Aim of the task: Retrieve every line of the data holding the word "with".

Start of Exercise input

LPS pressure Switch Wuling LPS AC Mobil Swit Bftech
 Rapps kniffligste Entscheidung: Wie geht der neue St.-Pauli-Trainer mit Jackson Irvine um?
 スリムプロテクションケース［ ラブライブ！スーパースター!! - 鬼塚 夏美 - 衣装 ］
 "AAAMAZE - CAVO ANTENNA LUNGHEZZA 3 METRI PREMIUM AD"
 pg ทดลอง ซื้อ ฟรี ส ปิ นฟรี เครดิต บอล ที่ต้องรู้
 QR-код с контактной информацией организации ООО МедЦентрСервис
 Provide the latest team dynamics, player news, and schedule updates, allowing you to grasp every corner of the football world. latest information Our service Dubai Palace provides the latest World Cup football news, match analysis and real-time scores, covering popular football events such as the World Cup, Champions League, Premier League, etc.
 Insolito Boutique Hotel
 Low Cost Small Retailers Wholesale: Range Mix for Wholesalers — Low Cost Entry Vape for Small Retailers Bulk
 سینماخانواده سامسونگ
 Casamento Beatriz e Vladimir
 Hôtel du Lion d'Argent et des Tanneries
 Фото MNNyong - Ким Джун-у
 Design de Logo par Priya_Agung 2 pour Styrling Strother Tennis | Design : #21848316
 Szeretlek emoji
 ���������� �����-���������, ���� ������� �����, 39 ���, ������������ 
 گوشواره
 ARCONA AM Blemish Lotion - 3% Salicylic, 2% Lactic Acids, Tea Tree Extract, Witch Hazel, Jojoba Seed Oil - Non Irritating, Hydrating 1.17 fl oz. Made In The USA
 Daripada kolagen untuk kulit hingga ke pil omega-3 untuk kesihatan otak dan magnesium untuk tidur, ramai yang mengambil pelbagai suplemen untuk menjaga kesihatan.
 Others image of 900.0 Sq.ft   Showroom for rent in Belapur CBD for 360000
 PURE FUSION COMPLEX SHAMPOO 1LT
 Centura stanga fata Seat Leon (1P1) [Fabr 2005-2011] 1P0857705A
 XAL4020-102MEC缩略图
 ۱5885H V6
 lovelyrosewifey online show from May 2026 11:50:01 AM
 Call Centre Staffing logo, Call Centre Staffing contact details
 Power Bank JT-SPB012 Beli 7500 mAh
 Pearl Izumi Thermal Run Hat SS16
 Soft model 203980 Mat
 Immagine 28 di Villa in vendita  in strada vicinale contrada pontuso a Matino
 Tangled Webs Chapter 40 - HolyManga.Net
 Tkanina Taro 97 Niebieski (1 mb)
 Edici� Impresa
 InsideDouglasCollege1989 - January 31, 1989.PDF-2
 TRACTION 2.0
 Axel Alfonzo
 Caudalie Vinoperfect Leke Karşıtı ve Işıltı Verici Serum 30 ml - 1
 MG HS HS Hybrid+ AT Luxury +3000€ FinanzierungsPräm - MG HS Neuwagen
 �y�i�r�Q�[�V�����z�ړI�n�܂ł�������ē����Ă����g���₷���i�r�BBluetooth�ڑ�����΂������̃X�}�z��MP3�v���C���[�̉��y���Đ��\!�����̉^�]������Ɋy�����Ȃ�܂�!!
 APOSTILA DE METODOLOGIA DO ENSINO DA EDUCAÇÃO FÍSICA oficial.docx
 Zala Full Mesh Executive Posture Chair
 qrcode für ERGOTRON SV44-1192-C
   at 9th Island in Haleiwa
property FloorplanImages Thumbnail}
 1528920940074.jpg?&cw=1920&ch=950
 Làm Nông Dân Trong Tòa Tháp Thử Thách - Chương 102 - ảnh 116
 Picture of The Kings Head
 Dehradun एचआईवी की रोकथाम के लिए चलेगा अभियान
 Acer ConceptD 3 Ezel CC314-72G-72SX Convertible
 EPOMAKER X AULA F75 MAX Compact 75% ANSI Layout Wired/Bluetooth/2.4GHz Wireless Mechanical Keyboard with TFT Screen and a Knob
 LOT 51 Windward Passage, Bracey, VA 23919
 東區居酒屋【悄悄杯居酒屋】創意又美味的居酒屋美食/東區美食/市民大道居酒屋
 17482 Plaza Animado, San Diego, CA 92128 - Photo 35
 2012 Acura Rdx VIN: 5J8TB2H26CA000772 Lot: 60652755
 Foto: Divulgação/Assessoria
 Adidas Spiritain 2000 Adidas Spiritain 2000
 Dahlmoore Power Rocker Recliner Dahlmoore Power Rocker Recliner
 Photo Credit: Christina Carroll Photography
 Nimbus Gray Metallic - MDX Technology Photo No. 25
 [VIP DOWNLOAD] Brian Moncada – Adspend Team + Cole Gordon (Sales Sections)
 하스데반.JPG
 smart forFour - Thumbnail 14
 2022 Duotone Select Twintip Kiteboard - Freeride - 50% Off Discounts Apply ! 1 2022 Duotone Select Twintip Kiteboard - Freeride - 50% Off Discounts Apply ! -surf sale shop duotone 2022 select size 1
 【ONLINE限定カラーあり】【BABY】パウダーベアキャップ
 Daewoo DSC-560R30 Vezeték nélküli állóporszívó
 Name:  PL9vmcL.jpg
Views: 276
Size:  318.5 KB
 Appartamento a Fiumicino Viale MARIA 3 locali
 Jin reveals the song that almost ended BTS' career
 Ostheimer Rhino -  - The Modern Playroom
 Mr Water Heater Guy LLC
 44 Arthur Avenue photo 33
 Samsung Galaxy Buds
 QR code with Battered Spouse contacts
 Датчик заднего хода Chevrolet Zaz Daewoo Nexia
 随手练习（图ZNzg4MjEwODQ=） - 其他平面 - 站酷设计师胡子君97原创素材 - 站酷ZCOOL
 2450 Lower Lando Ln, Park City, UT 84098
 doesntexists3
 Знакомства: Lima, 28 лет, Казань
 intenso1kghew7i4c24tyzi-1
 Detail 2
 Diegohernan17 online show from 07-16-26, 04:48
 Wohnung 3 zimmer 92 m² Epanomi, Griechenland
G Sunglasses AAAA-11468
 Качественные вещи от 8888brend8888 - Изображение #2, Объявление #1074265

End of Exercise input

Written answer:
 EPOMAKER X AULA F75 MAX Compact 75% ANSI Layout Wired/Bluetooth/2.4GHz Wireless Mechanical Keyboard with TFT Screen and a Knob
 QR code with Battered Spouse contacts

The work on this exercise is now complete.